GEOCHEMICAL ANALYSIS BASICS
Geochemical analysis is used to determine the type and
quantity of organic carbon and other properties of
unconventional reservoirs and source rocks. Organic carbon
in the form of kerogen is the remnant of ancient life preserved in
sedimentary rocks, after degradation by bacterial and chemical
processes, and further modified by temperature, pressure, and time.
The latter step, called thermal maturation, is a function of burial
history (depth) and proximity to heat sources. Maturation provides
the chemical reactions needed to give us gas, oil, bitumen,
pyrobitumen, and graphite (pure carbon) that we find while drilling
wells for petroleum.
Organic
carbon is usually associated with shales or silty shales,
but may be present in relatively clean siltstone, sandstone, and carbonate rocks.

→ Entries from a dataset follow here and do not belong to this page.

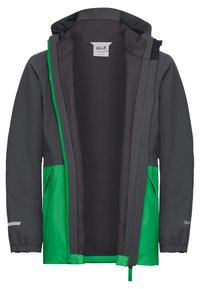 Veste d'extérieur à capuche gris foncé et verte avec ouverture devant montrant une doublure intérieure douce et une fermeture éclair verte.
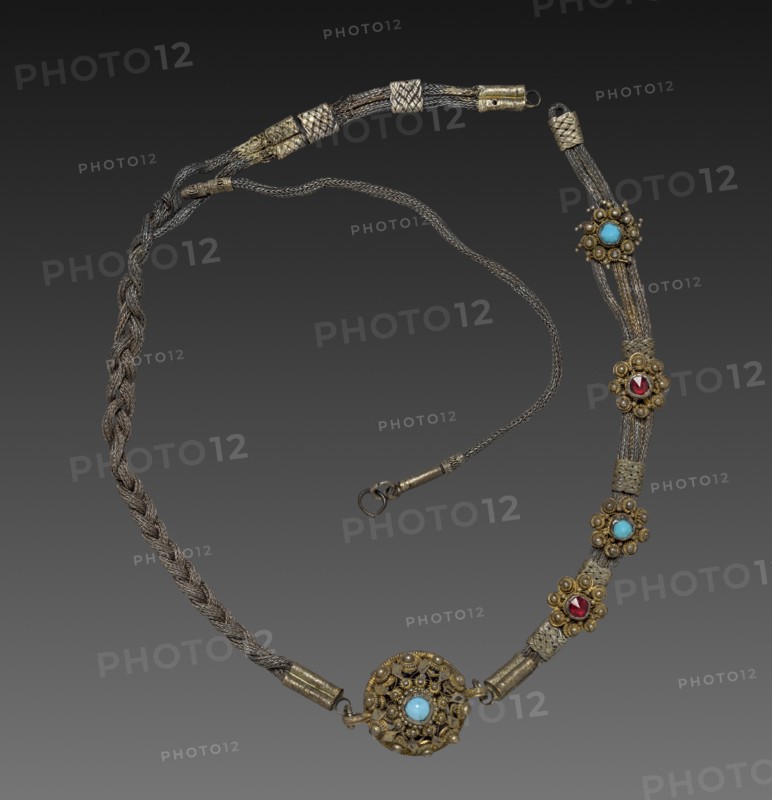 Man's Silver Chain, 1800s. Yugoslavia, 19th century. Silver and glass; overall: 48.3 cm (19 in.).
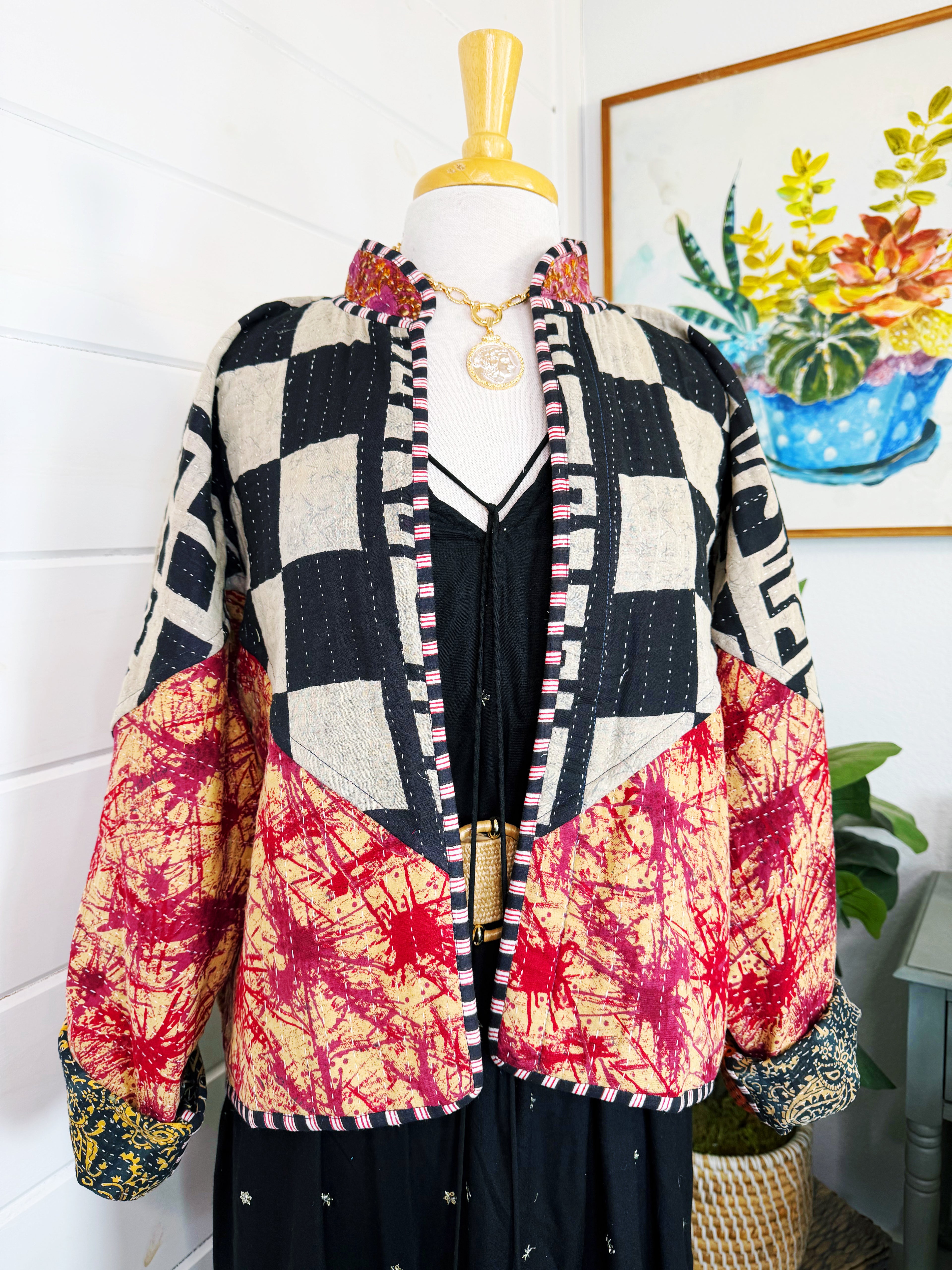 Patchwork Kantha Jacket – Quilted Reversible Blanket Coat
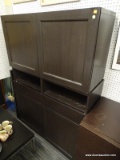 (BACK WALL) 2 PIECE HUTCH; HAS 2 UPPER DOORS, 2 CENTER STORAGE AREAS, AND 2 DRAWERS OVER 2 DOORS. IS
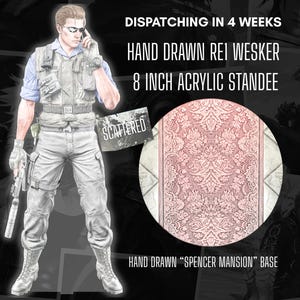 May include: An 8 inch acrylic standee featuring a hand-drawn illustration of a character in a tactical vest, light blue shirt, and cargo pants, holding a firearm. The base is a circular acrylic piece with a pink and white ornate floral pattern.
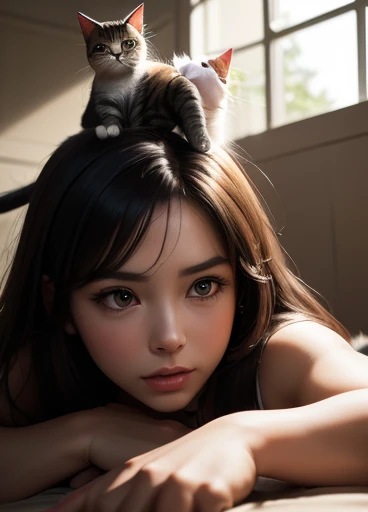 masterpiece, 最high quality, ,((((a cat is sitting on the head of a girl lying face down)))),(((girl looking up at cat))),((close...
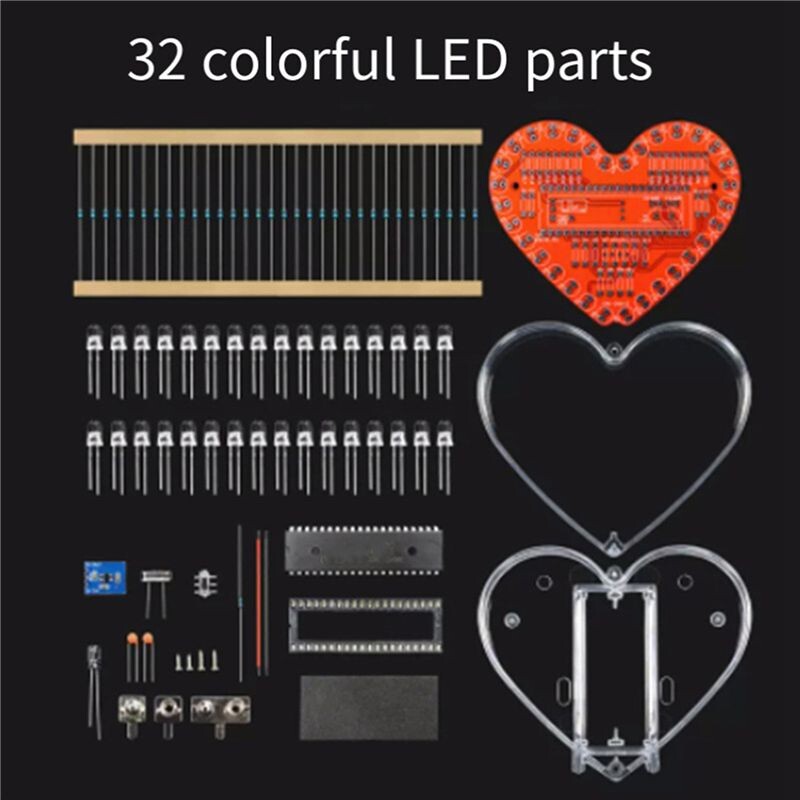 2X Heart Shaped RGB LED Flashing Light Module DIY Electronic Kit Water ...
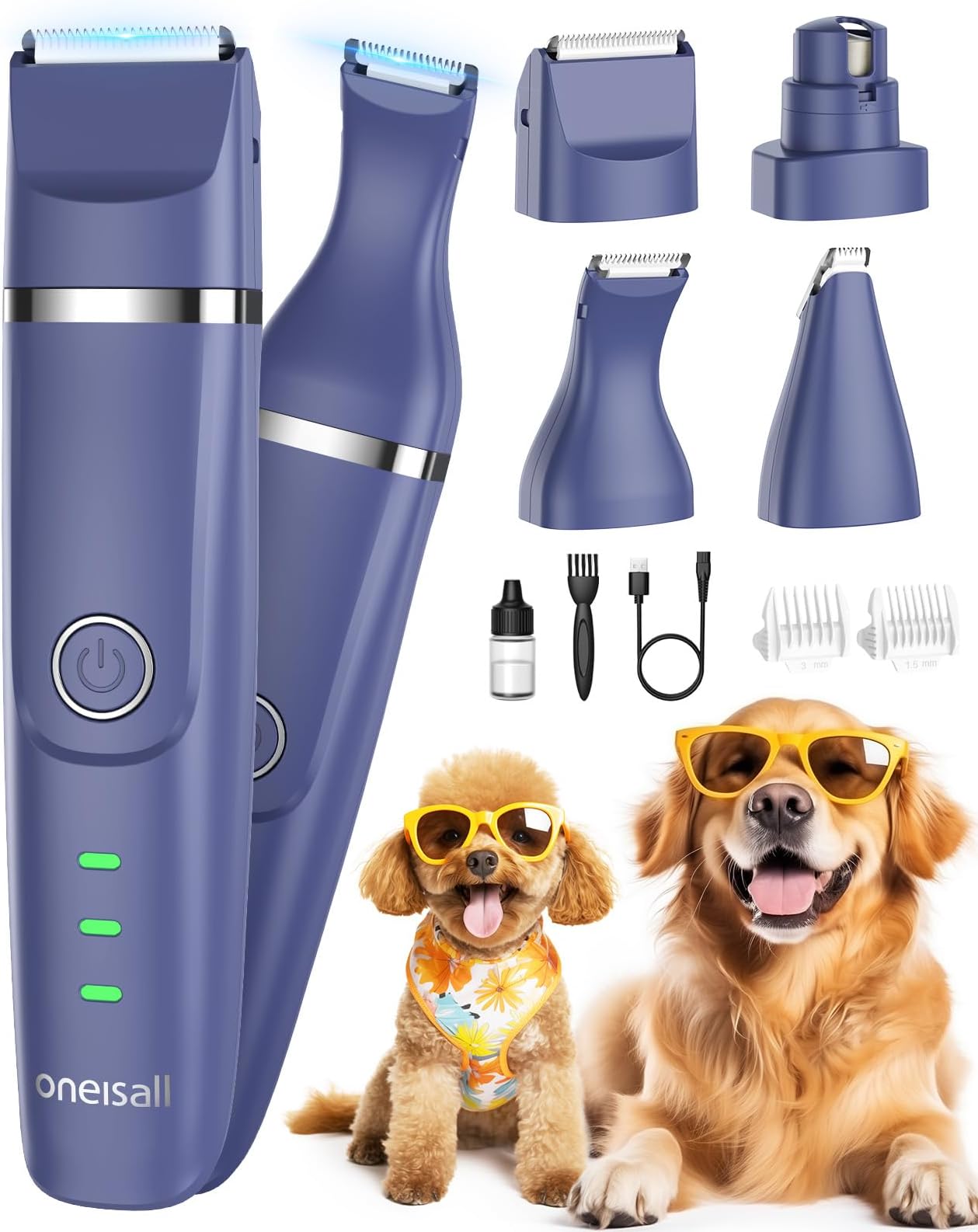 oneisall Small Dog Clippers, Quiet Cordless Dog Paw Trimmer & Nail Grinder, Dog Grooming Kit for Small Dogs with Guards, 2 Speed Dog Trimmers for Small Dogs(Blue)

A source rock is a fine grained sediment
rich in organic matter that could generate crude oil or natural gas
after thermal alteration of kerogen in the Earth's crust. The oil or
gas could then migrate from the source rock to more porous and
permeable sediments, where ultimately the oil or gas could
accumulate to make a commercial oil or gas reservoir.
If a source rock has
not been exposed to temperatures of about 100 °C, it is termed a
potential source rock. If generation and expulsion of oil or gas
have occurred, it is termed an actual source rock. The terms
immature and mature are commonly used to describe source rocks and
also the current state of the kerogen contained in the rock.
Total organic
carbon (TOC) as measured by laboratory techniques historically has
been used to assess the quality of source rocks,
but now is widely used to help evaluate some unconventional reservoirs
(reservoirs that are both source and productive).
Pathways that
convert living organisms to organic carbon, from "Bitumens,
Asphalts, and Tar Sands" by
George V.
Chilingar,
Teh Fu Yen, 1978.
In the lab, it is relatively easy to distinguish kerogen from hydrocarbons:
kerogen is insoluble in organic solvents, oil and bitumen are
soluble. Pyrobitumen is not soluble but its hardness is used to
identify it from kerogen.
Graphite is evident on resistivity logs because of the very
low resistivity; all other forms of organic carbon are resistive.
Organic
carbon has a density near that of water, so it looks like porosity
to conventional porosity logs. High resistivity with some apparent porosity on a log
analysis is a good indicator of organic carbon content OR
ordinary hydrocarbons OR both.
TYPES OF KEROGEN
Organic
material can be classified according to the source of
the material, as shown below.
Origin, type, source, and
hydrocarbon potential of different kerogens.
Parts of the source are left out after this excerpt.